In einer Studie von 2005 spielte ein Forscherteam um A. Miklósi, und Peter Pongràz Menschen verschiedene Bellformen vor. Alle menschlichen Zuhörer waren in der Lage die Belllaute korrekt zu decodieren und den verschiedenen vom Versuchsleiter vorgegebenen Kontextkategorien zuzuordnen. Menschen beurteilten auch den emotionalen Kontext des Bellens richtig (Pongràz, 2005)
Diese Studie erklärt den erstaunlichen Umstand, dass Hunde, die mit Menschen zusammenleben offensichtlich wesentlich mehr bellen, als Hunde die selbstständig ohne den Sozialpartner Mensch unterwegs sind.
Bellen scheint beim Hundehalter eine Änderung in seinem Verhalten zu bewirken. Es ist also verständlich, dass Hunde oft hartnäckig weiterbellen, bis die „gewünschte Reaktion“ erreicht worden ist.
„Warum bellt der jetzt?“, werde ich oft von Hundehaltern gefragt.
Warum bellt ein Hund im Training? Warum bellen Hunde, wenn es an der Haustüre klingelt? Warum bellen sie Fremde am Zaun an, warum bellen manche Hunde, wenn es Futter gibt oder wenn Menschen sich umarmen?
Es lohnt sich, ein wenig „wissenschaftlich“ an die hundlichen Lautäusserungen heranzugehen.
Bellen ist nicht gleich bellen. Wenn man sich die Mühe macht und dieses akustische Phänomen in Ruhe anhört, dann kann man schnell sehr unterschiedliche Bellformen heraushören.
Es gibt viele unterschiedliche Gründe, warum ein Hund bellt und jedes Mal klingt es anders.
Die häufigsten sind:
- Stress und Überforderung
- Angst und Unsicherheit
- Die soziale Gruppe (Familie) warnen
- Freudige Erregung
- Erlerntes Bellen (es wurde bewusst oder unbewusst verstärkt)
- Trennungsangst
- Jagdverhalten u.v.m.
Für jede dieser Situationen ist die Motivation zu bellen eine andere und es klingt anders.
Um Bellen verhindern oder stoppen zu können, wird man im Training differenziert damit umgehen müssen.
Erste Hilfe
Management ist die erste Wahl, um Bellen nicht entstehen zu lassen. Bellen kann sehr selbstbelohnend sein und die jeweiligen Verstärker, die das Bellverhalten des Hundes weiterhin stabil halten, können schlecht oder gar nicht kontrolliert werden.
Bellen gar nicht erst entstehen zu lassen ist daher das Mittel der Wahl.
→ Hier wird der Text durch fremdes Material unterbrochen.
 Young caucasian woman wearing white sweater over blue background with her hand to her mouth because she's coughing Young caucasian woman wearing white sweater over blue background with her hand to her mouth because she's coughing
Das geht am besten mit einem guten Management.
- Stress und Überforderung nicht entstehen lassen. Schütze deinen Hund! Stelle Distanz zu allen Auslösern her, die dein Hund nicht bewältigen kann. Trainiere nur kurz und gut, verlange nicht zu viel von deinem Hund
- Freudige Erregung ist etwas Tolles, jedoch muss ich manche Hunde vor sich selber schützen. Ein Hund, der bellt, kann nicht denken. Unterlasse Spiele,
- die den Hund zu sehr erregen. Stärke die Eigenwahrnehmung deines Hundes und setze ihn nicht unkontrollierbaren Situationen aus.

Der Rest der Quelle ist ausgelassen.